### About this exercise:
Taking the line that contains "KI-Symbolbild: Stuttgarter Fernsehturm" as the first, copy exactly every line through the last line of the records, and nothing else.

### Given data:
____________________

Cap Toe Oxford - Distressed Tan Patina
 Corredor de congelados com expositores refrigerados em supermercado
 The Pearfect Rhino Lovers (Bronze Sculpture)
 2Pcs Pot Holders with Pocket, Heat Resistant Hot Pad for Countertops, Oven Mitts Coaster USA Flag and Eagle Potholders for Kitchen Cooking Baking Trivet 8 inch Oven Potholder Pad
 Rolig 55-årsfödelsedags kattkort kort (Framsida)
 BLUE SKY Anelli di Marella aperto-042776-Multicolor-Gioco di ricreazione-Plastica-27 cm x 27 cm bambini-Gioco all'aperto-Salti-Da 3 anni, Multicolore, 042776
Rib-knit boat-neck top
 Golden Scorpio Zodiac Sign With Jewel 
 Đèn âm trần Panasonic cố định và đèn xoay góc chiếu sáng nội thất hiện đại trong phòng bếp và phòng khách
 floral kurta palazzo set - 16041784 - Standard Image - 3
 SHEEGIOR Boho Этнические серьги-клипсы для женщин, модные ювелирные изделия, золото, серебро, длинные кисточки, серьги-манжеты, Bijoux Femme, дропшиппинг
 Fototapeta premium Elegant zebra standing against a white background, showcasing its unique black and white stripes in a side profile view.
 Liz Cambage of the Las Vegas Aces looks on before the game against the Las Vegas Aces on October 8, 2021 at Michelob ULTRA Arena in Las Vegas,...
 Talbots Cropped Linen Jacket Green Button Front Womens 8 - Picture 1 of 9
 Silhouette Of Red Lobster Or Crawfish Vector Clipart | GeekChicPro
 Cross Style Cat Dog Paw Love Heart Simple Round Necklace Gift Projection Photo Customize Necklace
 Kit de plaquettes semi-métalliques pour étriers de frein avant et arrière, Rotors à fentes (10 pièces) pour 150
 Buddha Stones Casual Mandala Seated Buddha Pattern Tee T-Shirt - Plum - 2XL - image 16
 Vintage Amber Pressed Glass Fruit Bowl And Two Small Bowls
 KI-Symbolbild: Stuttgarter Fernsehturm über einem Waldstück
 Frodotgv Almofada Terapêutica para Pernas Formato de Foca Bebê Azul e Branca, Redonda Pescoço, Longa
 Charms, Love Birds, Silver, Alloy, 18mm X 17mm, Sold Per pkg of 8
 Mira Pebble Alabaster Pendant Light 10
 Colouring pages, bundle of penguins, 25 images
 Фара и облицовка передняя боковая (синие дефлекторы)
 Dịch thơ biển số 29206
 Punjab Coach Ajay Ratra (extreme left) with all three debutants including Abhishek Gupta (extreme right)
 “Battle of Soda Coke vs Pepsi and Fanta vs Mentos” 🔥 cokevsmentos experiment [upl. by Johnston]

____________________

### Response area:
 KI-Symbolbild: Stuttgarter Fernsehturm über einem Waldstück
 Frodotgv Almofada Terapêutica para Pernas Formato de Foca Bebê Azul e Branca, Redonda Pescoço, Longa
 Charms, Love Birds, Silver, Alloy, 18mm X 17mm, Sold Per pkg of 8
 Mira Pebble Alabaster Pendant Light 10
 Colouring pages, bundle of penguins, 25 images
 Фара и облицовка передняя боковая (синие дефлекторы)
 Dịch thơ biển số 29206
 Punjab Coach Ajay Ratra (extreme left) with all three debutants including Abhishek Gupta (extreme right)
 “Battle of Soda Coke vs Pepsi and Fanta vs Mentos” 🔥 cokevsmentos experiment [upl. by Johnston]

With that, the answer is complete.